HAMBURG -- Volkswagen Group CEO Herbert Diess will stay on in the role, the company said, ending weeks of uncertainty about his future as the automaker increased spending on electric cars to catch up with Tesla.
VW Group's supervisory board presented its annual update to the company's five-year investment plan on Thursday, outlining investments of 159 billion euros ($180 billion), up from 150 billion euros last year, and electrifying more of VW's sites across Europe.
Spending for EVs will be raised by about 50 percent to nearly $59 billion, compared with last year's blueprint, VW said. By 2026, about a quarter of all sales will be electric only, VW predicted.
"We are becoming a battery manufacturer, a charging infrastructure manager, software is playing a more dominant role ... we are developing new business activities with an unbelievable dimension for us," Diess said, adding the company expected to generate 20 billion euros of revenue by 2030 from its battery division alone.
In a nod to worker representatives keen to keep a strong power base at home, VW confirmed a plan to add a new electric car factory near its global headquarters in Wolfsburg. The site will produce some 250,000 vehicles as part of the Trinity project.
VW also reorganized its top leadership.
VW brand chief Ralf Brandstaetter will take over the group's China business from Diess on Aug. 1. Skoda boss Thomas Schaefer will become VW brand CEO.
Diess will add responsibility for the company's software unit Cariad, taking charge of the unit from Audi CEO Markus Duesmann.
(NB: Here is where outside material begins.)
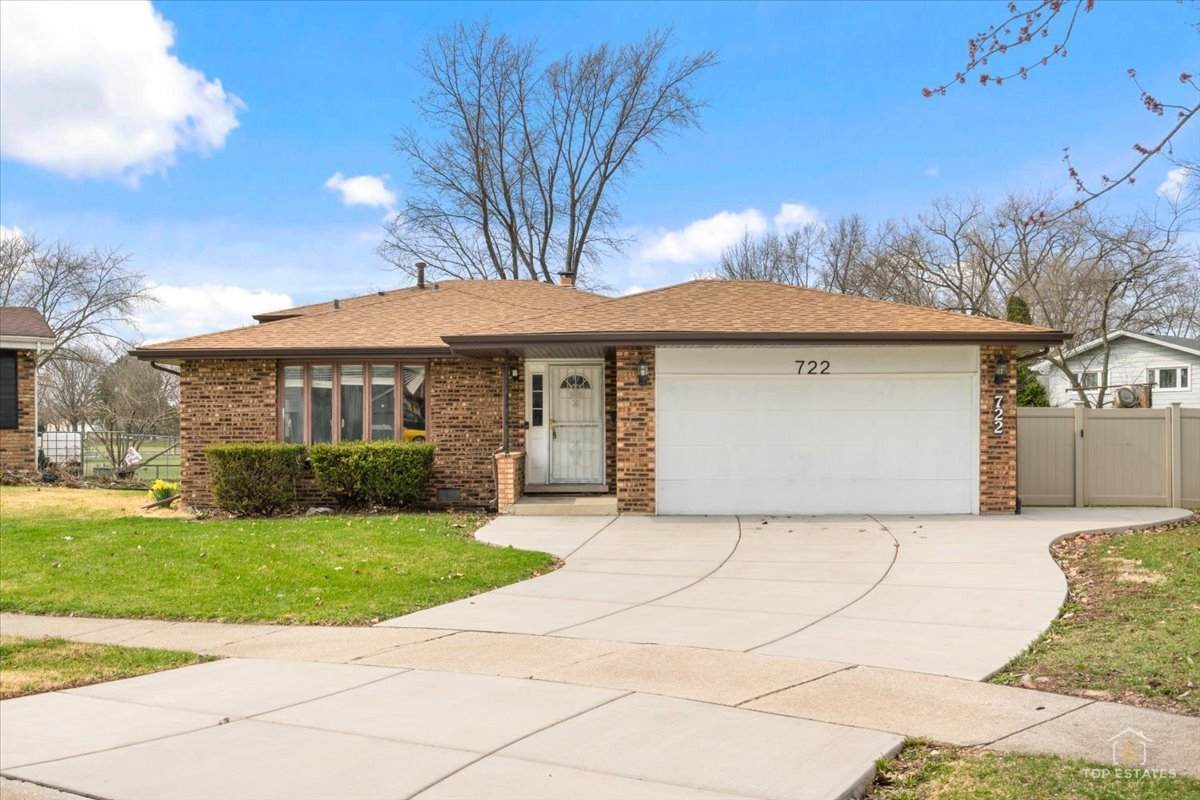722 Kostner Avenue - Photo 1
VW also elevated Hildegard Wortmann from its Audi unit as new head of global sales for the group.
Manfred Döss will take over the group's Integrity and Legal Affairs department from Hiltrud Werner on Feb. 1. Döss, a lawyer, has been head of the group’s legal division since 2016 and steered the company through its legal battles with U.S. authorities over its diesel emissions scandal.
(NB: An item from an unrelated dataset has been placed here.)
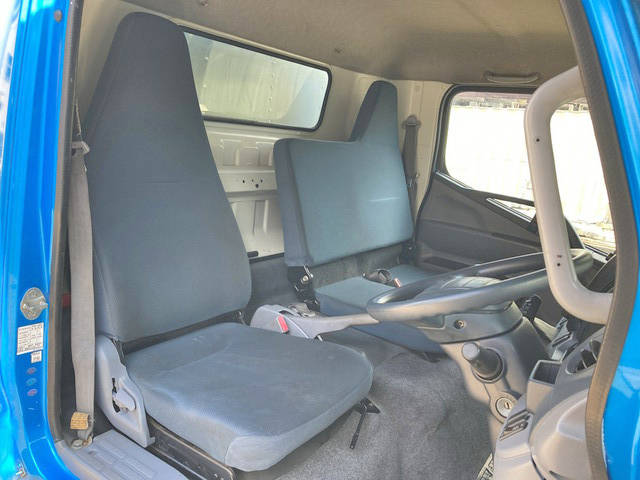 三菱ふそうキャンターアルミバン小型（2t・3t）[写真29]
Hauke Stars, former chief information officer of Deutsche Börse, will be the automaker's new head of IT.
Diess said the reorganization of the leadership team will see the VW Group delegating management of individual car brands to focus on these overarching business areas.
Diess's future had been in doubt following clashes with VW's powerful labor unions.
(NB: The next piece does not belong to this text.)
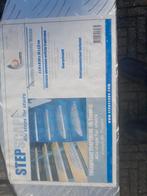 Te koop aluminium traptreden, Doe-het-zelf en Verbouw, Ladders en Trappen, Ophalen of Verzenden, Zo goed als nieuw, Trap, Minder dan 2 meter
"We have made important decisions and found good answers to make Volkswagen fit for the future," supervisory board chairman Hans Dieter Poetsch said in a press conference following the announcements.
Diess acknowledged the difficult discussions by referring to an "intense process" in the run-up to today’s unveiling. At the same time, he said he never lost the desire to run the carmaker, calling the job "very close to my heart.”
Diess' management and communication style angered the carmaker's works council, prompting weeks of negotiations over his future at the automaker. Diess had warned of tens of thousands of possible job losses in coming years and frequently highlighting the threat of competition from Tesla.
At a news conference on Thursday, works council head Daniela Cavallo said it was happy with the outcome of negotiations.
"I have no interest for us to have these conflicts in public," Cavallo said. "The conclusions of this planning round are clear: we have a solid and robust plan we can all be proud of."
VW Group confirmed it expected its operating margin to be at the upper end of its 6 percent to 7.5 percent target range for 2021.
Bloomberg contributed to this report.